すでに、そういう会社の株というのは良い値段なのだ。当たり前だけど。


 母さんが、あなた頭もいいし、勘も鋭いのに、なぜ真面目に株やらないの?と聞いた。ちょっと勉強したら、あなたなら常に勝てるんじゃないの?



 俺は、そういうマネーゲーム的な金儲け興味ないんだよ、と言った。自分の能力をそういうことに使うのは良くないと知ってるから。



 母さん的には、そんなこと言ってる場合じゃないでしょ、と言いたげだ。はい、そうですね。そう思います、俺も。



 で、Jの従兄弟からの情報は、日本企業?相変わらず好調だよ、と景気は悪くない、という。オリンピック・バブルか。

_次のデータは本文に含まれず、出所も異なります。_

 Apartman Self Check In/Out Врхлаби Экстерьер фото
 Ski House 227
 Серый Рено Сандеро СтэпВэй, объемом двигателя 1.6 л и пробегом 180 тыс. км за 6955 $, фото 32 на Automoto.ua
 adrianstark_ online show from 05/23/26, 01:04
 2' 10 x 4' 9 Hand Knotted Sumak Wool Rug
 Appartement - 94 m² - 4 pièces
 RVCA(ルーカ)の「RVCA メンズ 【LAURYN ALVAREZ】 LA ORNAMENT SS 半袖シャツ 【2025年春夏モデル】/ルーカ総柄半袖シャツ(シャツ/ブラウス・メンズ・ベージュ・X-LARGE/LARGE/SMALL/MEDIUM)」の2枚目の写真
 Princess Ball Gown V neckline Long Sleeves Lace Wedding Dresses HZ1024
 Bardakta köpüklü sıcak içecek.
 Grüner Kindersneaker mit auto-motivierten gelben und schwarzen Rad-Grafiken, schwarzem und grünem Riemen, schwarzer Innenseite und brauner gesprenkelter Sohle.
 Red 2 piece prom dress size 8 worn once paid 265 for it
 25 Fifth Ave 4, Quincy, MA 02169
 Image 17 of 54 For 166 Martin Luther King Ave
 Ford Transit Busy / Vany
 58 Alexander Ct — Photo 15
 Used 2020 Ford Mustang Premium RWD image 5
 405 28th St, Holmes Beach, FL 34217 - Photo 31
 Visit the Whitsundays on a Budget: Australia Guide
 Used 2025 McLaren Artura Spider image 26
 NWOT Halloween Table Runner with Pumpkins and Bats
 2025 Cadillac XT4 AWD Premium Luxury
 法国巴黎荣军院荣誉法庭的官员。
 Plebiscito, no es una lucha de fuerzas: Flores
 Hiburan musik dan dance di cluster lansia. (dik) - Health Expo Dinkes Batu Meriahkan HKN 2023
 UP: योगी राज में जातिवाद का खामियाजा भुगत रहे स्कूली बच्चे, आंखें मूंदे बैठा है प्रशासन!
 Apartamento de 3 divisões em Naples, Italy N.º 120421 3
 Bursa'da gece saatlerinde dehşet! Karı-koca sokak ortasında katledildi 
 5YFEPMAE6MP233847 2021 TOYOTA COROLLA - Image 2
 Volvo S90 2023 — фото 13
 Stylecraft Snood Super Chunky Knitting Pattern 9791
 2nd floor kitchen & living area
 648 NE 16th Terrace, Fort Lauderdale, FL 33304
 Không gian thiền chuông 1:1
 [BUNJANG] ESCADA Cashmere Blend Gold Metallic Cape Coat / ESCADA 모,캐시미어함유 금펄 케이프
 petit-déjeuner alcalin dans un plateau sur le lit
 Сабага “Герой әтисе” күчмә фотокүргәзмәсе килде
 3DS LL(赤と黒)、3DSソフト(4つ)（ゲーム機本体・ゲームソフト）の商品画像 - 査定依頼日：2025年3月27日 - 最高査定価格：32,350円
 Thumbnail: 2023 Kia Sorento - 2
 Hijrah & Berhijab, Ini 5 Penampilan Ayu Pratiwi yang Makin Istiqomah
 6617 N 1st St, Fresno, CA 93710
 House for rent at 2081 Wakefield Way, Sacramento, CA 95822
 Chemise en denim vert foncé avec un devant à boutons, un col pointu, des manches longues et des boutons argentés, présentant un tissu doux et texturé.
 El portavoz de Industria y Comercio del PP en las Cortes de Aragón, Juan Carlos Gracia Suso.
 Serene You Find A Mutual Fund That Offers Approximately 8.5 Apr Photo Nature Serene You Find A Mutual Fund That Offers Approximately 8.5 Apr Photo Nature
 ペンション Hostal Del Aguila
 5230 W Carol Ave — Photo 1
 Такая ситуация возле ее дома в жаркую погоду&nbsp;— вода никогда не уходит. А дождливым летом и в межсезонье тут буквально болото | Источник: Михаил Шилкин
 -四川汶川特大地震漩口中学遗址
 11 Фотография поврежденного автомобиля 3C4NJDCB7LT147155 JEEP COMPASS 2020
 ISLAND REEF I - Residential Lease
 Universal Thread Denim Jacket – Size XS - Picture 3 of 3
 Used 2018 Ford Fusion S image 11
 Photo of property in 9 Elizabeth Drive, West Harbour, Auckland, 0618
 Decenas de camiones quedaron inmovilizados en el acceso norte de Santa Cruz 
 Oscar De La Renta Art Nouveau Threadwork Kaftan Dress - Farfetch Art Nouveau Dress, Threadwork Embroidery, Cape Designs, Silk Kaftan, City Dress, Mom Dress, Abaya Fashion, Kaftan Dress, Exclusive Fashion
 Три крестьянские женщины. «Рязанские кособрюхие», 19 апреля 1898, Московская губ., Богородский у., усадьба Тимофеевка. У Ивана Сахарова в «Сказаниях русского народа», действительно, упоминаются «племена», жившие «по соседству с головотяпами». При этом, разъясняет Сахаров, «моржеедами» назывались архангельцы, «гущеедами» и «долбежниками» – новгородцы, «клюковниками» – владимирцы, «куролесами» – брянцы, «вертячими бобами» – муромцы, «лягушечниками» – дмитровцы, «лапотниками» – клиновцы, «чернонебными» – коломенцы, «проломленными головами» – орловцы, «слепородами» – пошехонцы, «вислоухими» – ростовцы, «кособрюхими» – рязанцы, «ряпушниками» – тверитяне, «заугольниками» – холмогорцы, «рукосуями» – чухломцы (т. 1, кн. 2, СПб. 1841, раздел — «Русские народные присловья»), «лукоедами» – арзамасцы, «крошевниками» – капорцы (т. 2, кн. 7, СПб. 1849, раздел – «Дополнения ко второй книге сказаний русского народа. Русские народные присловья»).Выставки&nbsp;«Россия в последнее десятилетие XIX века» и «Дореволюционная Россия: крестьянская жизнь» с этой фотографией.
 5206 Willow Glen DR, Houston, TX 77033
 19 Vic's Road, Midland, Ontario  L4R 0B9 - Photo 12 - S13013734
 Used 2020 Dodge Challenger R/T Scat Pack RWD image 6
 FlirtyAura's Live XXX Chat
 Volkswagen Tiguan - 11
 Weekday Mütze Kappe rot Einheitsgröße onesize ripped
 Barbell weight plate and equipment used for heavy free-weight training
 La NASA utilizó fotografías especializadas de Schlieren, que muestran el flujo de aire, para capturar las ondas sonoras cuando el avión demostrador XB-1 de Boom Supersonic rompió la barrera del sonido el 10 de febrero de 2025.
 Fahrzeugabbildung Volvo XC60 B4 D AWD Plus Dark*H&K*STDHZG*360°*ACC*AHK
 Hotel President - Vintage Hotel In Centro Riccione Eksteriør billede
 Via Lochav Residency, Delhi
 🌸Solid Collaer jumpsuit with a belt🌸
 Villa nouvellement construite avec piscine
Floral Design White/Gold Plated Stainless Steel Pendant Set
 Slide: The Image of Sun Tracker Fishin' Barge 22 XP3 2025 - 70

 俺はあまり日本の行く末を期待していない。だから海外に出てるわけだが。



 でもなんやかんやと、一応は日本はまだ、底力がある方だ。瀕死の老人だけど、まだ金がある状態。頑張れ。



 兄貴が最近売り出したやつに当たった。おお、当たったのか、すごいな、いいな。


 母さんは、わたしは外れたわ、知ってれば@@(証券会社名)から申し込んでおけば、意外とあそこは穴場だったらしいから、と言った。



 売り出せば上がるとわかっていて買わないのは確かにもったいなかった。俺も、あそこの株は上がるから、買っておくに越したことないぞ、と母さんに言った。


 よく考えたら、自分が買っておけばよかったのだ。馬鹿だな、俺。


 俺は、預金封鎖はありえると思っていて、NISAは小賢しいと思っていた。


 庶民からできるだけ、金を巻き上げるための小細工だろう。


 リーマンショックで母さんもJさんも実は相当損したらしかった。俺は後になって知った。Jさんは仕事柄というのもあり、すごく儲けていたらしかったが。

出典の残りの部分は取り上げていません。